Red ink vanishes: School board told projected deficit now a surplus
Updated 1:14 pm, Tuesday, March 18, 2014
After struggling to close an anticipated shortfall of nearly $2 million in its current budget, the Board of Education got some good news Monday night.
There is now a projected surplus of $293,000 in this year's budget and an anticipated $382,000 surplus in the spending package proposed for the 2014-15 fiscal year, based on updated financial data concerning medical claims for January and February released late Friday on the health insurance fund account.
"We no longer have a cash deficit, but instead have a projected cash surplus," said school board Chairwoman Elaine Whitney.
But with a Board of Finance budget hearing on the proposed education budget scheduled Thursday, the board members Monday had a hard time trying to figure out whether to pursue the special allocation it had requested for what they thought, after adjustments, would be a $355,009 shortfall in the current budget.
After several hours of discussion and debate, the board voted unanimously to ask the finance board to defer its initial $1,088,709 appropriation request.
Whitney had asked Elio Longo, the school system's business manager, if he had "a high level of confidence" in the updated data. "Yes, very high," Longo said.
But board member Karen Kleine said she wanted "to make sure we don't act too quickly on this new data."
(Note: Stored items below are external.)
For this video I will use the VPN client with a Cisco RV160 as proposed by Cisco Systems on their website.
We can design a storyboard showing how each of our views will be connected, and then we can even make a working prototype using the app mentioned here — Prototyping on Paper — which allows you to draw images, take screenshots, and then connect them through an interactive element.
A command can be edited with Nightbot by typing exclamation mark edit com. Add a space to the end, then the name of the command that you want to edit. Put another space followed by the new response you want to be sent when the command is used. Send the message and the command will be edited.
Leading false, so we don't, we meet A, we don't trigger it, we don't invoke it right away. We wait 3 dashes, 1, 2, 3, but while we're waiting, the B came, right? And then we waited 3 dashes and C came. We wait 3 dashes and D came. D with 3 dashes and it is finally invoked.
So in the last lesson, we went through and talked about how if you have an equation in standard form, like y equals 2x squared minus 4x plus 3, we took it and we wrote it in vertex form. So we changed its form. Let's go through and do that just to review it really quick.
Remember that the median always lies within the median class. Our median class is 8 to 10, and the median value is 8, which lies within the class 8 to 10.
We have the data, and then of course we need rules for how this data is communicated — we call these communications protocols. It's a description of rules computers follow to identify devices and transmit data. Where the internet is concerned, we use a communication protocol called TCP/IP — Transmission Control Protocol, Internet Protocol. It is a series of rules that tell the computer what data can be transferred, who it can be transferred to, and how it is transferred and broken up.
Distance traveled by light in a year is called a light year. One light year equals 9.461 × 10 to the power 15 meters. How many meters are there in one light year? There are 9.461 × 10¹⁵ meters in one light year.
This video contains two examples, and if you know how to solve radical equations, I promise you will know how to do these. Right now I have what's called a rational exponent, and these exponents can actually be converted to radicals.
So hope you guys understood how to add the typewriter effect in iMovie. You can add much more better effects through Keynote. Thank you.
"What if 30 days from now, the amount changes?" she added. "I think we can wait for more data."
"We don't need to ask for an appropriation if the numbers are accurate," said member Paul Block.
At one point he asked, "Can you tell me how we miscalculated what we thought was a $2 million (dollar) issue?"
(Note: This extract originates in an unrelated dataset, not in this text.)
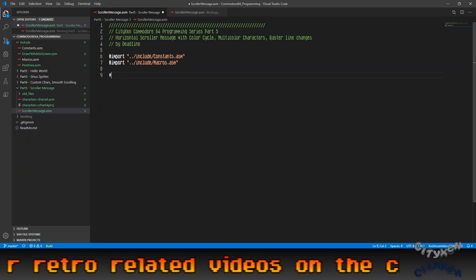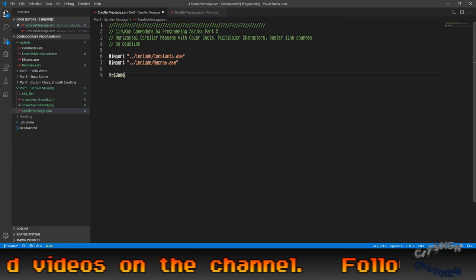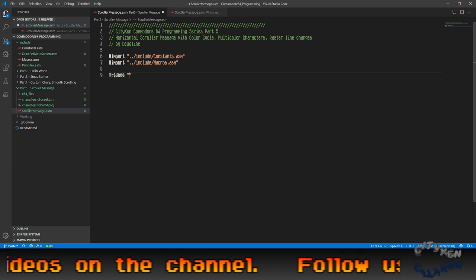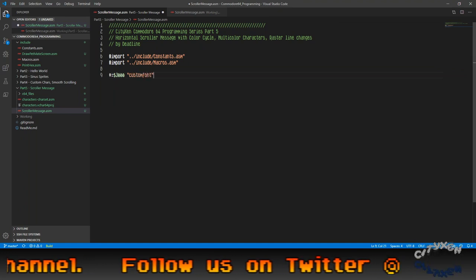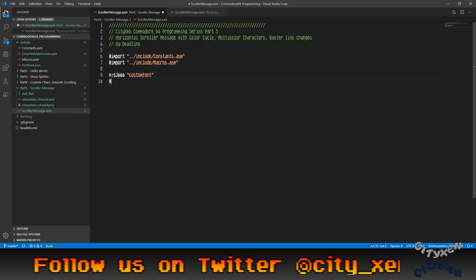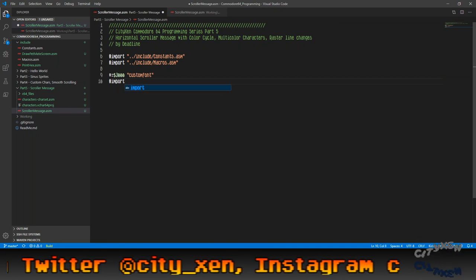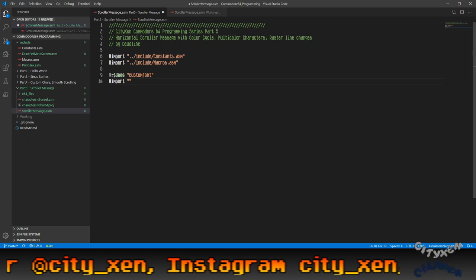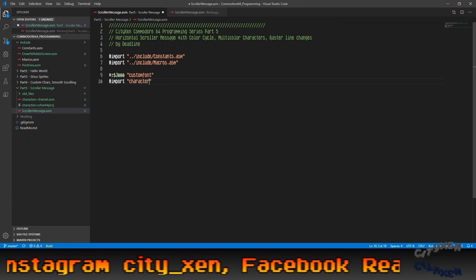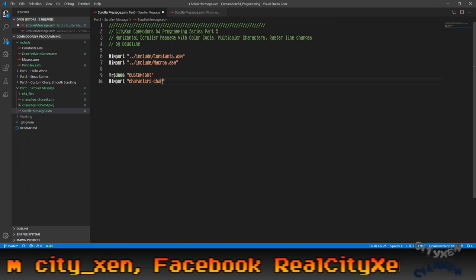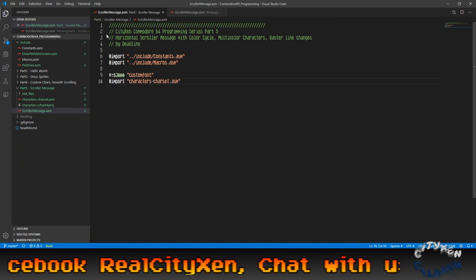All right, let's keep going. We're going to be using a custom font. This is similar to the font that we've already used from previous video, but slightly modified to include multicolor characters. Let's take a look at that real quick.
Block also said the school district should "tap into" the town's $22 million reserve, if needed, to cover any shortfalls. He added the board has been spending too much time on this one issue -- the health insurance fund -- and not enough time on students. "Can't we focus on education?" he said. "Let's make this simple."
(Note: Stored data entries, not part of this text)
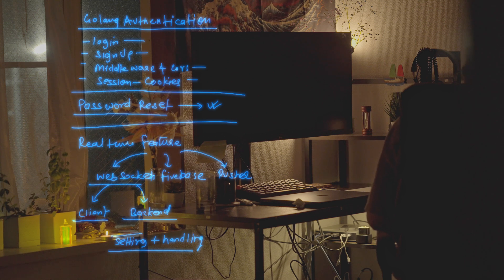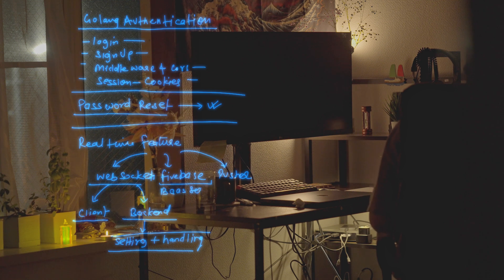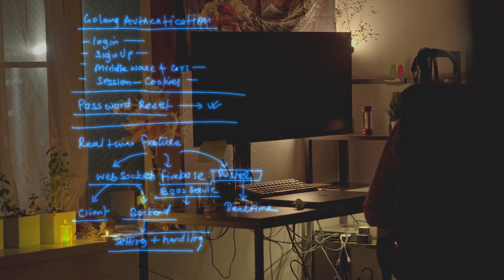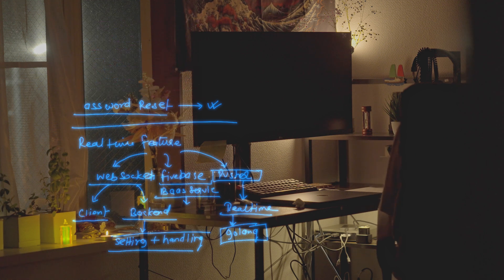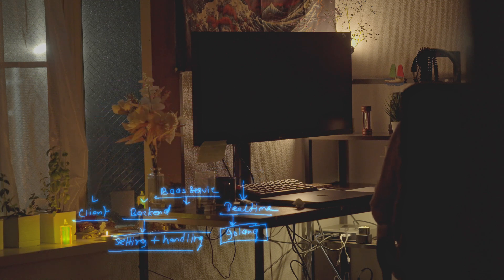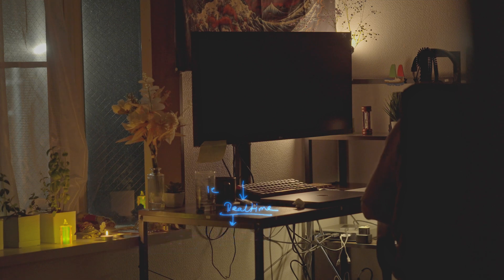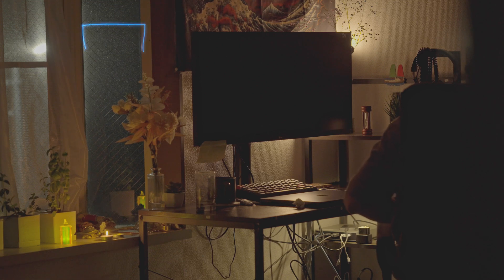Previously I have worked with real-time features using Firebase and WebSockets. With WebSockets you have to set up both the client side and the backend side, and handling them for a scalable solution is not very easy. You have to manage authentication, authorization, and latency yourself. Also, if you change the backend language, your WebSocket implementation changes — but that's not the case with Pusher.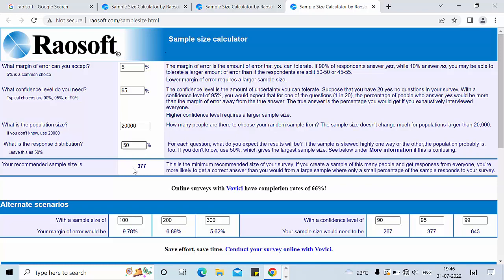If you put all these values in the Riosoft calculator, the recommended sample size is 377. Here I would like to mention one very important point: according to Riosoft, the sample size does not change much for a population larger than 20,000. What I like about Riosoft is that in the last row they have given different confidence levels and the corresponding sample size. The sample size we calculated for the 95% confidence level is 377.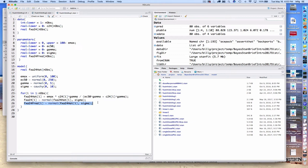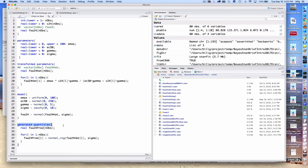The posterior simulation has been moved from the model block to the generated quantities block. This is more efficient because items in the model block are calculated once for every leapfrog step in the HMC sampler — and there can be quite a large number of leapfrog steps within a single HMC iteration. Calculations in the generated quantities block are done only once per iteration, which can be significantly fewer. So if calculations aren't required for fitting, it's generally more efficient to put them in generated quantities.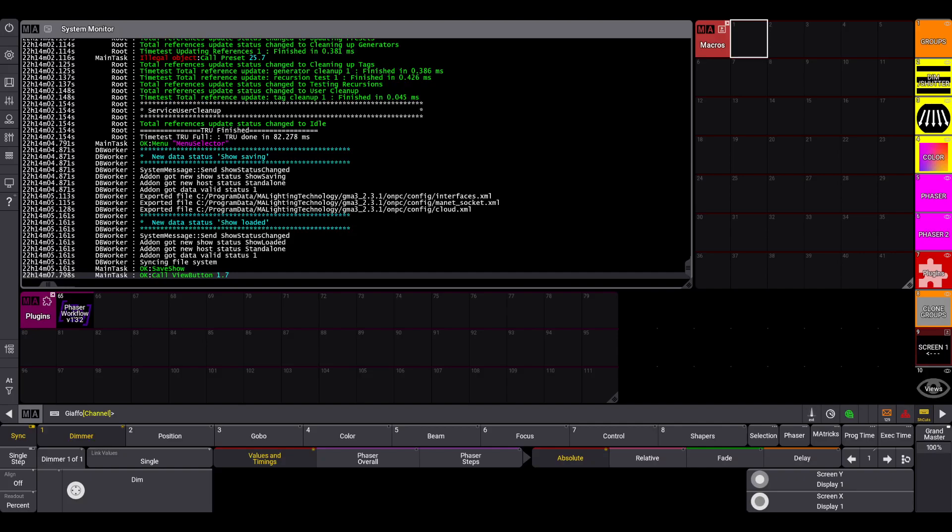Hello everybody! This video is covering the version 1.3.2 release of my Phaser workflow plugin and macros.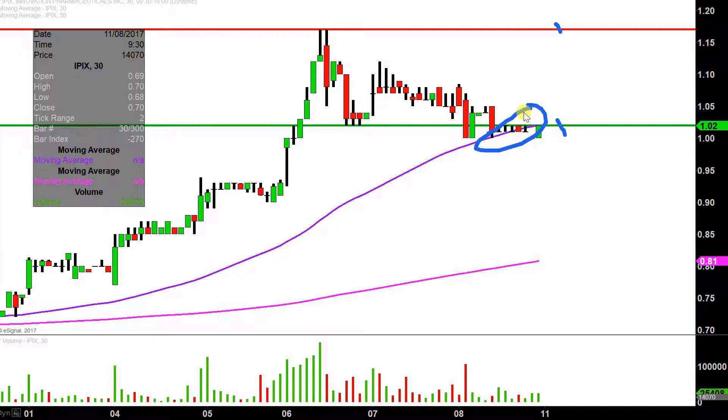Even if you just have a very basic and surface-level understanding of charts, I'm sure you've heard of the 50 period moving average. You know that when the price is above it — assuming you're bullish — you want to see the price stay above it, or in other words, you want to see it act as support. And so far, so good.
Whitney had made a motion early in the three-hour-long meeting to cut the special allocation by $681,384 and request $407,325 instead of the $1.088 million, in order to reflect the updated projected surplus, rather than a deficit.
Debate ended with members in agreement to ask the finance board to defer action on the allocation for now. The board also decided not to make any changes to its $110.32 million operating budget proposed for fiscal year 2014-15, keeping it as is. That proposed budget is $6.1 million, or 5.9 percent, more than the current spending package.
Superintendent of Schools Elliot Landon said Monday that in his 15 years with the school system there had never been a problem with the health insurance account. He said what happened in this fiscal year is a one-time aberration caused by "extraordinary claims," and because those claims kept "drawing down on the reserve that the BOE had built up over years."
The Board of Finance is scheduled to discuss the proposed education budget for 2014-15 when it meets at 7:30 p.m. Thursday in Town Hall.